Dalam sajak “Tanah Air Mata”, Sutardji menubuh sebagai saksi luka bangsanya:
Tanah airmata tanah tumpah dukaku
mata air airmata kami
airmata tanah air kami
Di sini, metafora “tanah air mata” menggantikan idiom “tanah air beta”. Penjungkirbalikan itu bukan tanpa maksud. Ia menegaskan bahwa nasionalisme sejati bukan dibangun dari jargon megah atau simbol formal seperti bendera dan lagu kebangsaan, tetapi dari derita kolektif yang diam-diam menyatu dalam tubuh rakyat: kaum tergusur, mereka yang hidup di pinggir, dan mereka yang ditelan sejarah diam-diam.

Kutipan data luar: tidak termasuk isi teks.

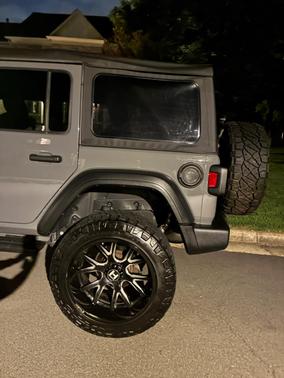 Gray 2019 Jeep Wrangler Unlimited Sport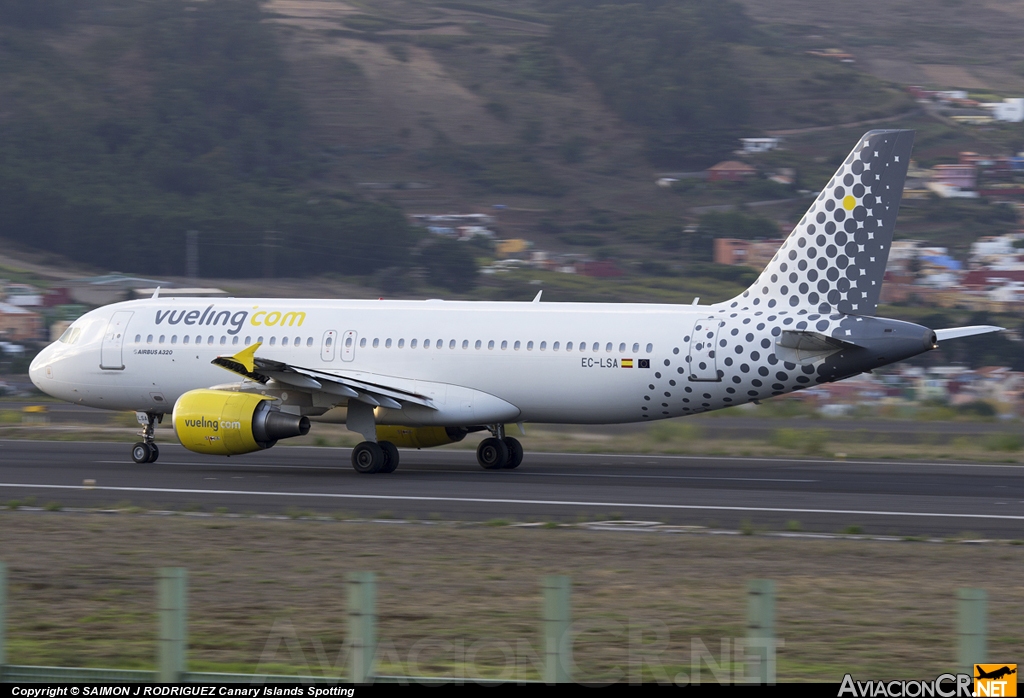 EC-LSA - Airbus A320-214 - Vueling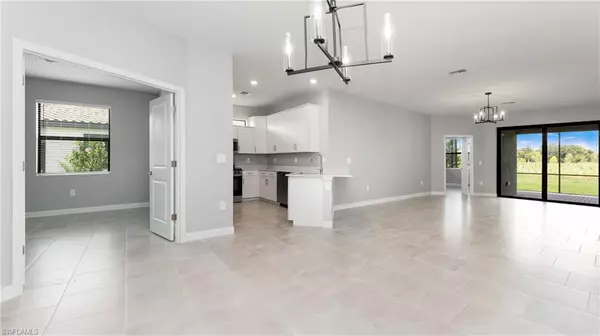 Estero, FL 33928,19564 Hinkley DR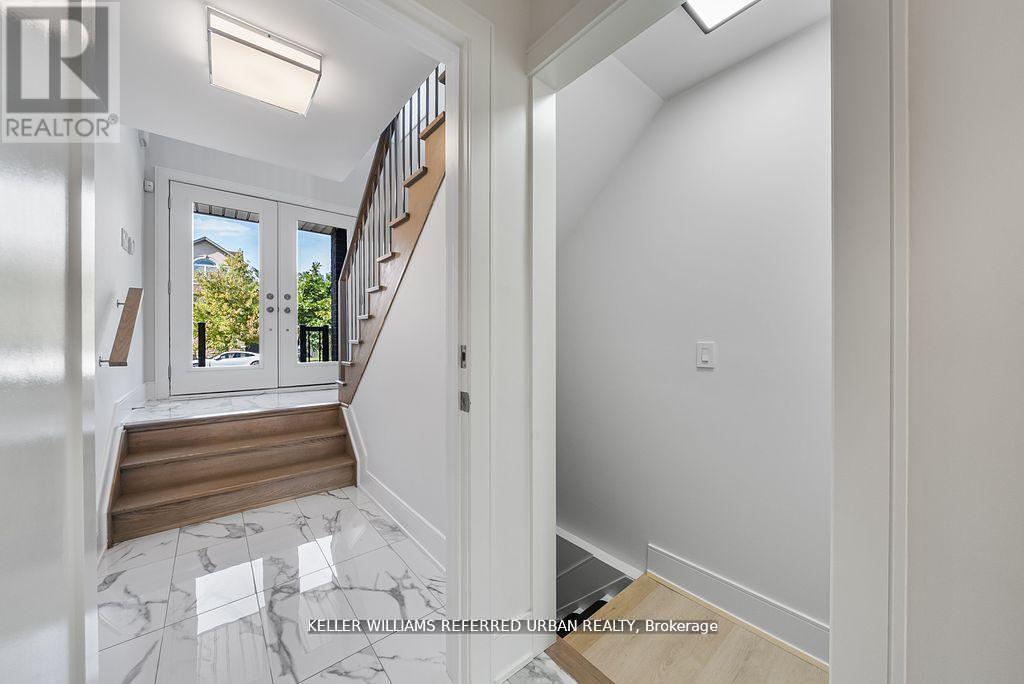 147 Lebovic Campus Drive, Vaughan, Ontario  L6A 5A1 - Photo 5 - N12655536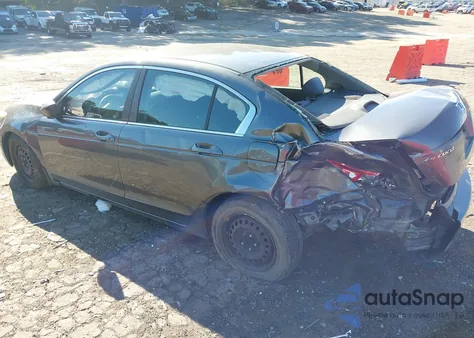 2010 Honda Accord 2.4 Lx z USA, uszkodzony, nr VIN 1HGCP2F3XAA015334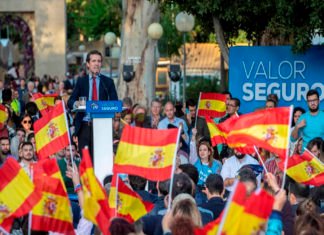 Pablo Casado abre la puerta a un Gobierno con Vox: “Lo que tenemos que hacer es sumar”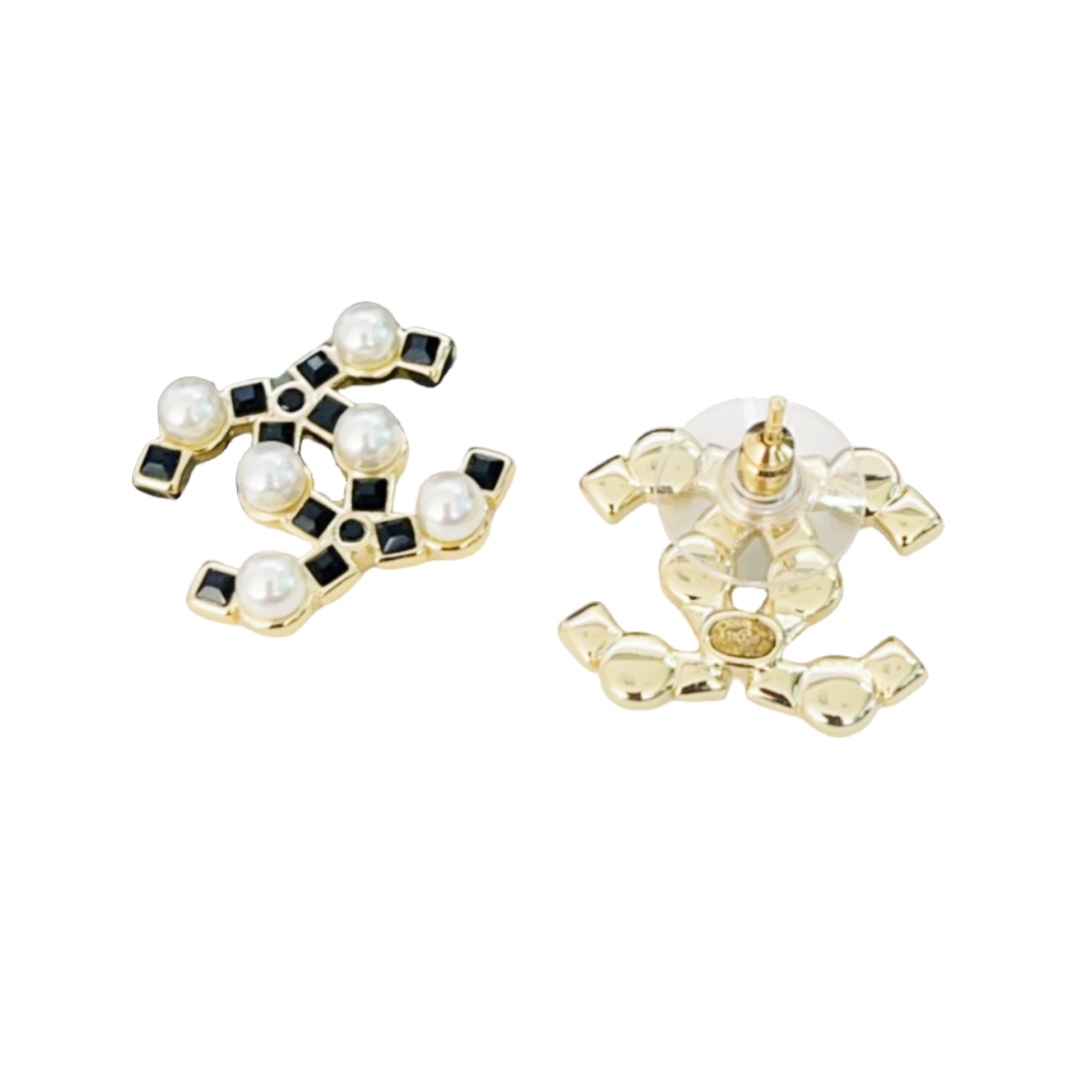 CCE125 CC Logo earring in black stone and pearl - ccjewelryacc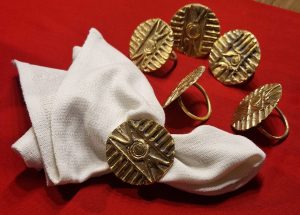 BIJOUX DE TABLE - ronds de serviettes en bronze (Cameroun / Côte d'Ivoire) – Image 7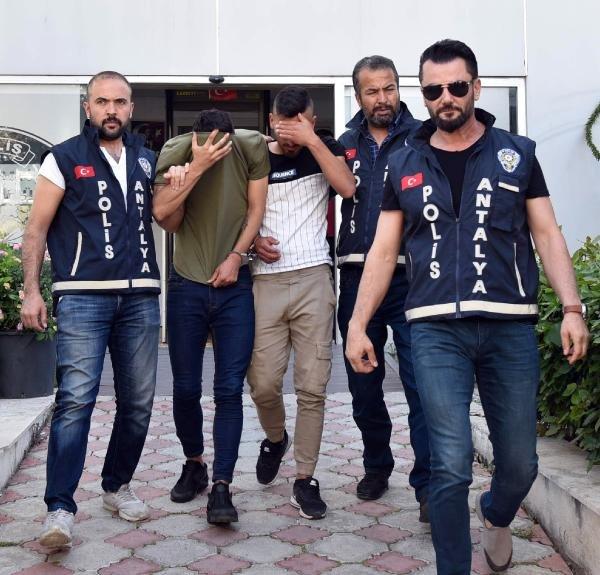Antalya'da travestiyi öldüren zanlı hakim karşısına çıktı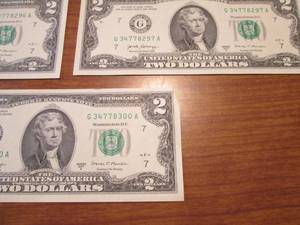 5 Uncirculated sequentially numbered $2.00 bills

Puisi ini membuka ranah teohumanistik, karena air mata bukan sekadar reaksi psikis atas derita, tetapi bentuk sublimasi spiritual—jiwa yang menanggung tubuh, seperti Kristus yang menanggung salib. Dalam airmata, manusia dipertemukan dengan batasnya; dan justru di batas itu, ilahi hadir. Maka, puisi Sutardji menjadi semacam liturgi penderitaan yang membangkitkan kesadaran, bukan sekadar empati.
Lebih jauh, dalam puisi “Ayo”, Sutardji berbicara kepada penguasa dan militer, bukan dengan retorika propaganda, tetapi dengan bahasa air mata yang tak bisa dibungkam:
jangan kalian simbahkan gas airmata pada lautan airmata
jangan letupkan peluru / logam akan menangis
Ini bukan sekadar larik puitik, tetapi seruan etis yang sangat tajam. Larik tersebut menghadirkan paradoks yang menyakitkan: air mata ditanggapi dengan gas air mata; duka dijawab dengan logam dan pentungan. Dalam konteks post-struktural, puisi ini mencairkan struktur relasi kekuasaan dan membalikkan wacana kekuatan: logam, senjata, pentungan, semua akhirnya “menangis”, karena tidak bisa lagi menahan arus etika yang muncul dari tubuh rakyat. Di sini estetika menjadi alat untuk mengekspos kekerasan simbolik maupun fisik yang dibungkus dalam narasi resmi negara.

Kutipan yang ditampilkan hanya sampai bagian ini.